## Work required
Below are the entries to work from; restate word for word the portion that opens with the line containing "Archer queen feet" and closes with the line containing "Bellora Vintage Table Lamp - view 3", keeping both.

## The data
● ● ●

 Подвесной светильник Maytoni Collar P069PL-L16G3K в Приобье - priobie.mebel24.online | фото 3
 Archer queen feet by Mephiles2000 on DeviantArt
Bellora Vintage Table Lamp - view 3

● ● ●

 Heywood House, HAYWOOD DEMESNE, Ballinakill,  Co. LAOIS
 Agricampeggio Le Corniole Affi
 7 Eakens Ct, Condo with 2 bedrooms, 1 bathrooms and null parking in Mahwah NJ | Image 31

● ● ●

## Solution for this problem
 Archer queen feet by Mephiles2000 on DeviantArt
Bellora Vintage Table Lamp - view 3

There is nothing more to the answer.